*Task to complete*:
The output should be the listing below, limited to the lines from the one with "Building Photo - 4852 Sun Fls Dr" through the one with "Электродвигатель АО 102", exact and without pictures.

*Supplied material*:
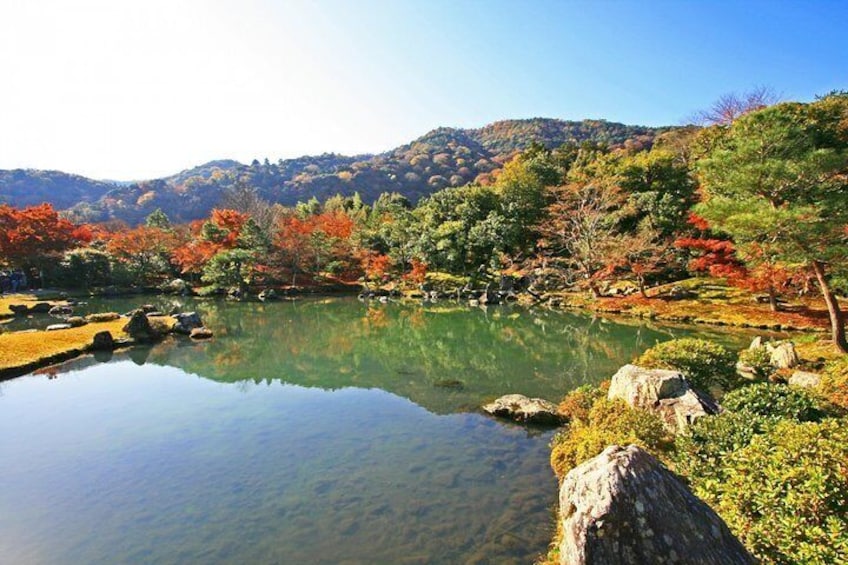 Tenryuji Temple's main pond area.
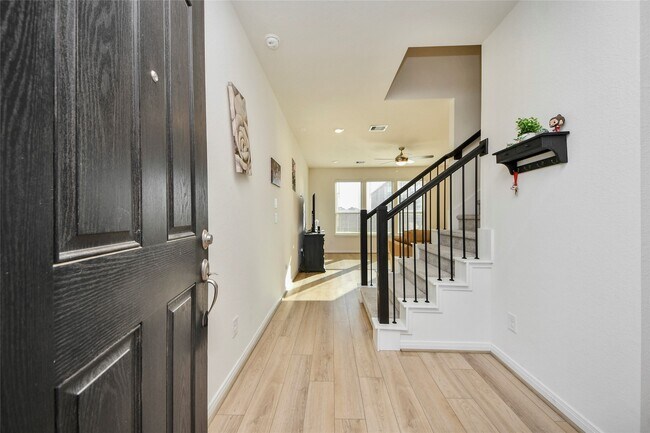 Building Photo - 4852 Sun Fls Dr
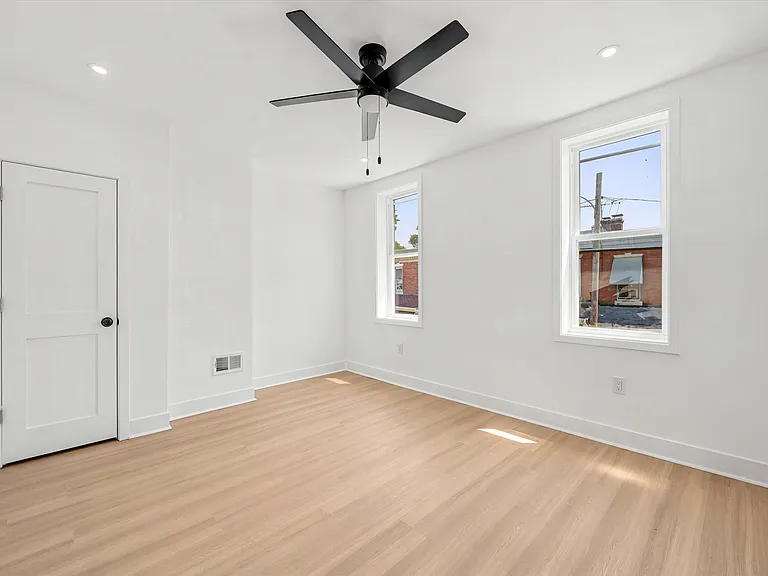 936 N Fallon St — Photo 8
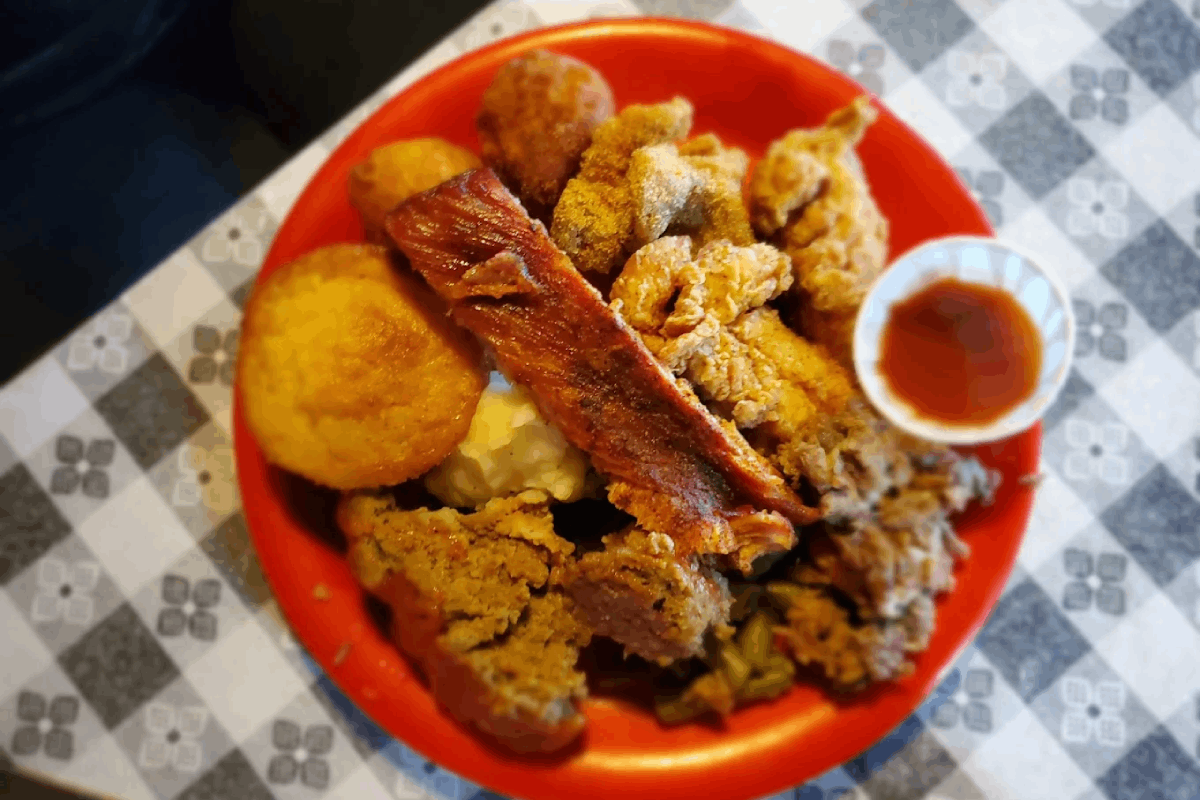 These 13 Tennessee Buffets Take All-You-Can-Eat to the Next Level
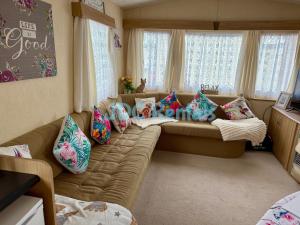 Golden Sands & Winkups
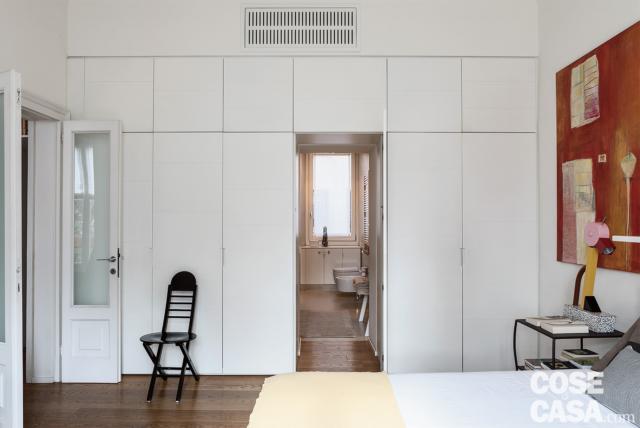 camera matrimoniale, armadio incassato in laccato bianco, passaggio verso il bagno a uso esclusivo, porta vetrata originale camera matrimoniale, armadio incassato in laccato bianco, passaggio verso il bagno a uso esclusivo, porta vetrata originale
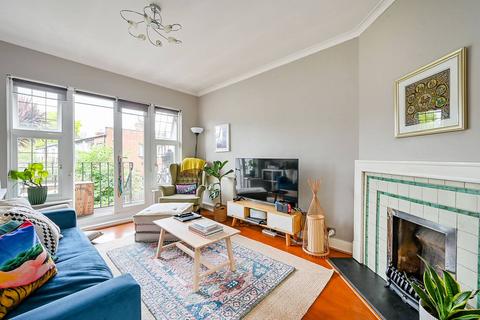 27 Ravenscroft Road, London, W4 5EQ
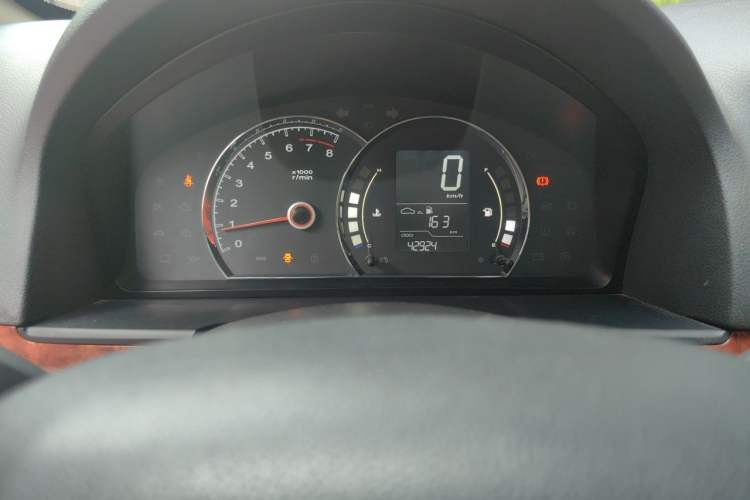 Used Roewe 350 2010 350C 1.5L Manual Xunzhi Edition Odometer Close Up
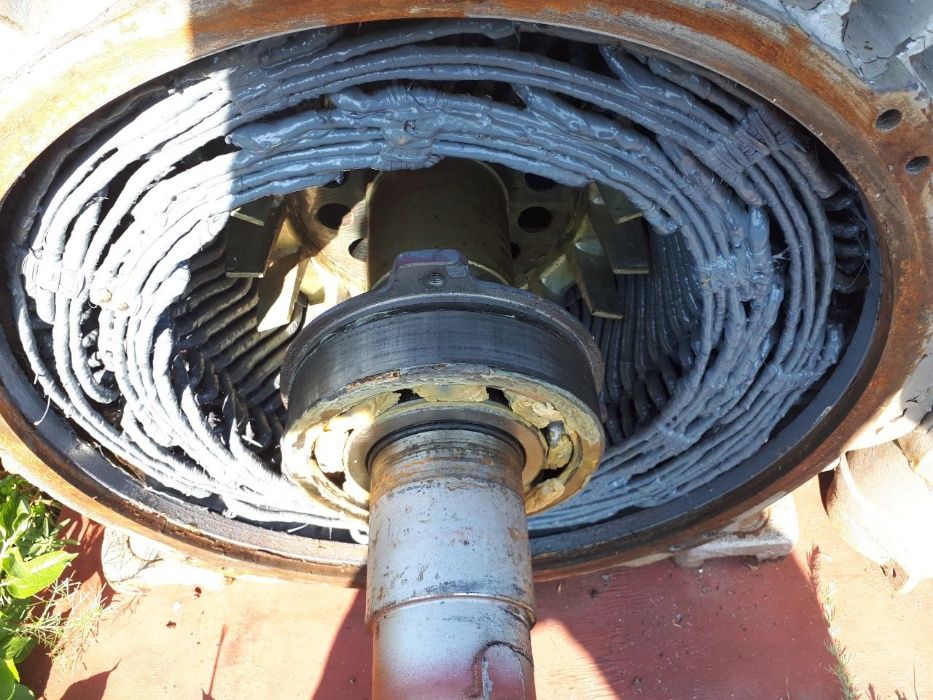 Электродвигатель АО 102 -12-8-6-4 У2 В работе не был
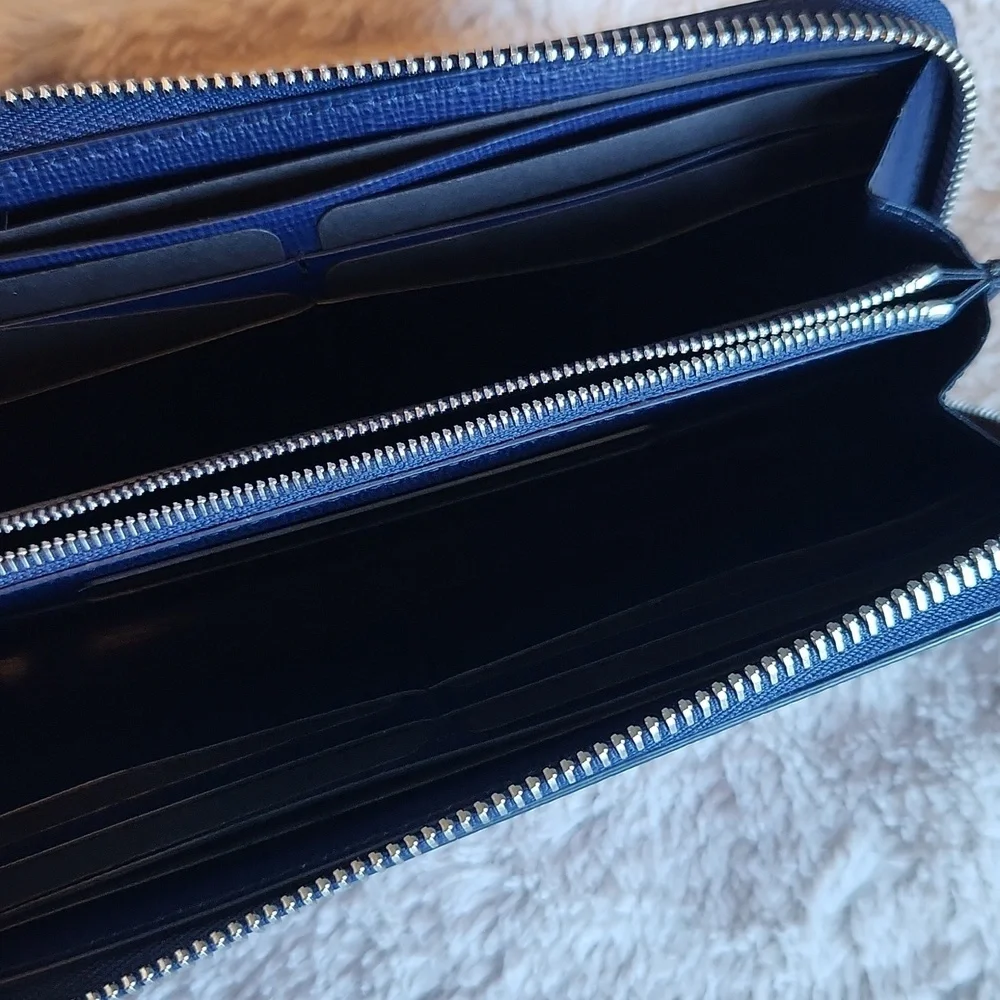 Dunhill Cadogan Zip Coat Wallet – Red & Navy Geometric Print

*Answer*:
 Building Photo - 4852 Sun Fls Dr
 936 N Fallon St — Photo 8
 These 13 Tennessee Buffets Take All-You-Can-Eat to the Next Level
 Golden Sands & Winkups
 camera matrimoniale, armadio incassato in laccato bianco, passaggio verso il bagno a uso esclusivo, porta vetrata originale camera matrimoniale, armadio incassato in laccato bianco, passaggio verso il bagno a uso esclusivo, porta vetrata originale
 27 Ravenscroft Road, London, W4 5EQ
 Used Roewe 350 2010 350C 1.5L Manual Xunzhi Edition Odometer Close Up
 Электродвигатель АО 102 -12-8-6-4 У2 В работе не был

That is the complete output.